The 18S rDNA sequences determined in this study were manually aligned on a MicroVAX computer with the sequence editor program distributed by G. Olsen (15). For the phylogenetic analyses, the sequences were aligned with sequences of representative trebouxiophycean green algae extracted from a larger alignment and with two chlorophycean algae that were used as an outgroup.
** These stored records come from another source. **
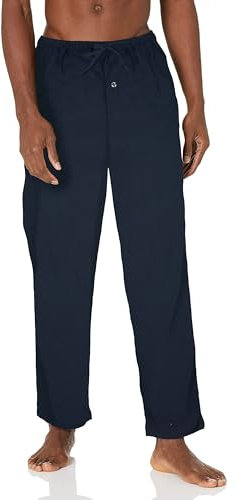 Amazon Essentials Pantalon de Pyjama Respirant en Flanelle (Disponible en Grandes Tailles et Grandes Longueurs) Homme, Bleu Marine, XL
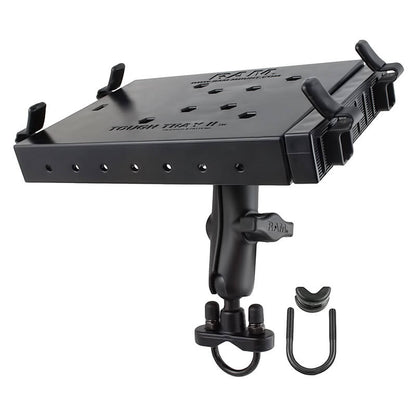 RAM Tough-Tray II - Universal Tablet & Netbook Holder with U-Bolt Rail Base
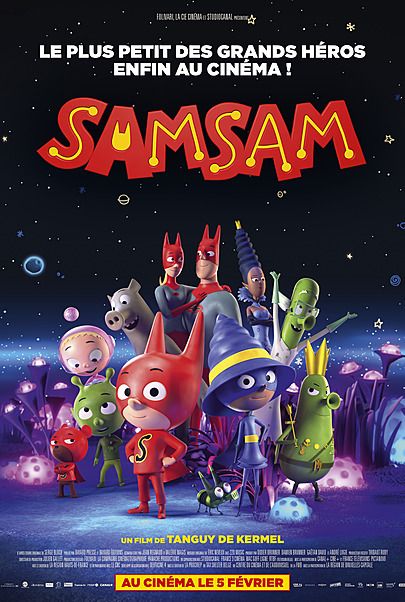Movie poster for "SAMSAM"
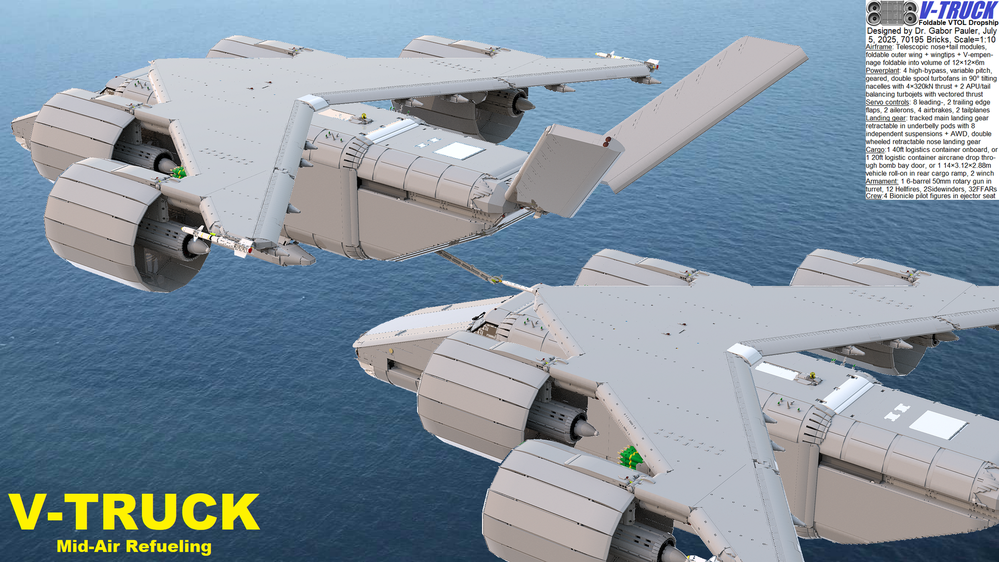 LEGO MOC-195113 V-TRUCK Foldable VTOL Dropship by gjpauler ...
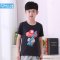 纳兰小猪童装2015男童韩版短袖T恤 110-160 140cm 桔色长尾猴短袖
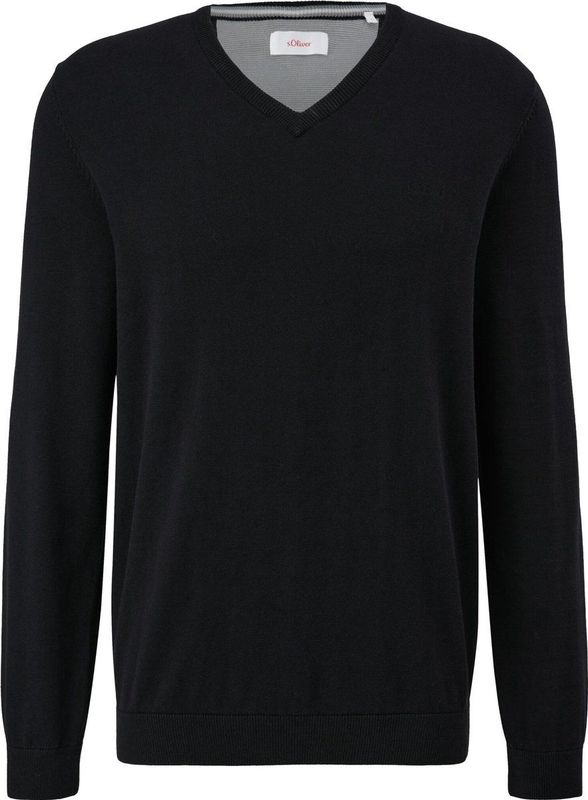 s.Oliver - Strickpullover - Gebreide Sweater - V-hals - Heren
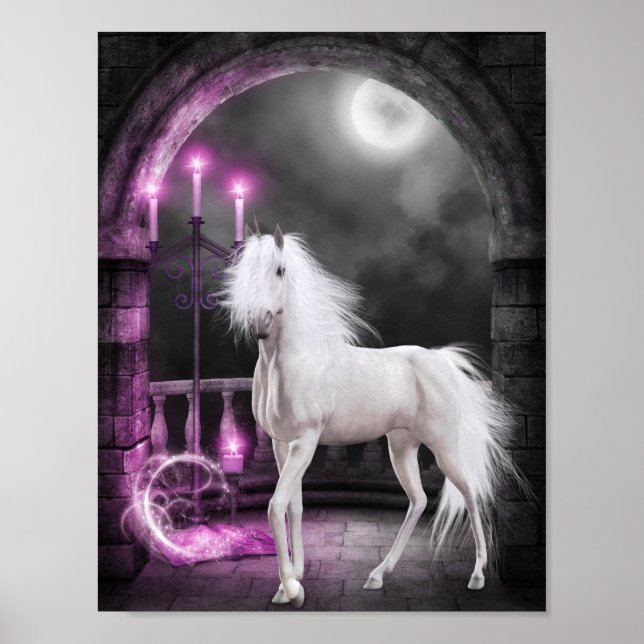 Pink Magical Unicorn Poster (Vorne)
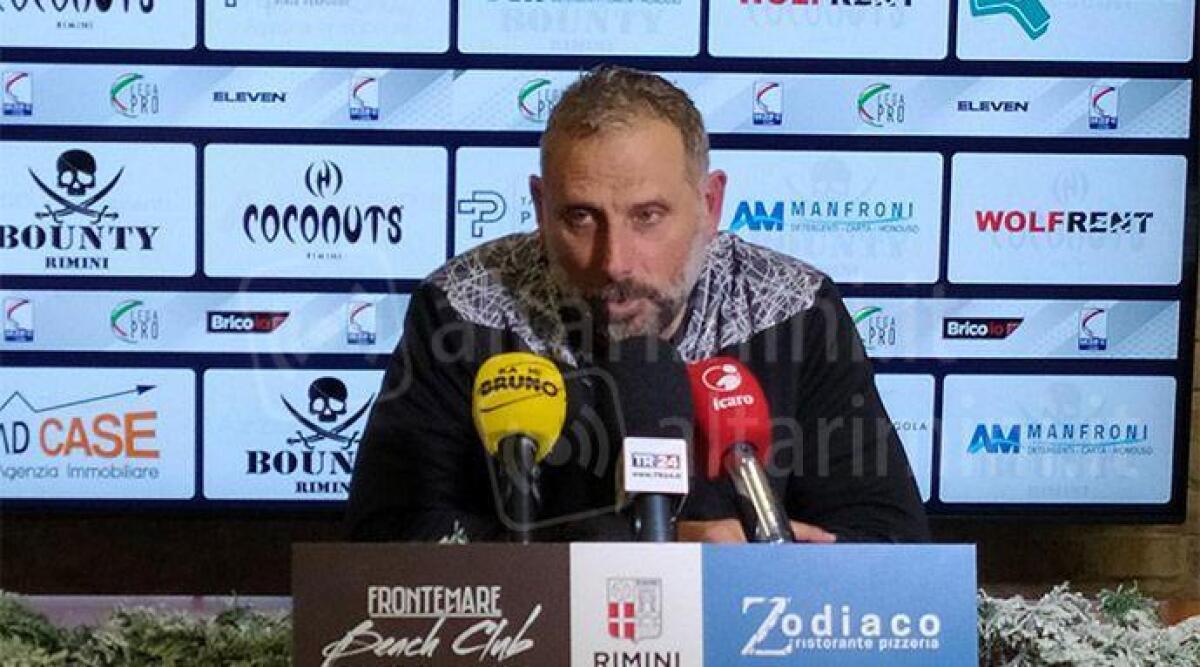 Calcio C, Cesena-Rimini 1-0. Gaburro: 'Il ko fa male, la prestazione c'&egrave; stata. Ci &egrave; mancato cinismo' - Marco Gaburro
To improve the alignment of the data set, secondary structure models were constructed according to the model provided by Wuyts et al. (27). Highly variable regions that could not be aligned unambiguously for all sequences were excluded from the analyses together with PCR primer binding regions, resulting in a total of 1,782 positions. Phylogenetic trees were inferred from the aligned sequence data by the neighbor-joining (NJ), maximum parsimony (MP), and maximum likelihood (ML) method using PAUP* 4.0 (22). One thousand bootstrap replicates each were carried out for NJ and MP, as well as 100 replicates for ML.

Nucleotide sequence accession numbers.

The 18S rRNA gene sequences determined in this study have been deposited in GenBank under accession no. EU439262 and EU439263.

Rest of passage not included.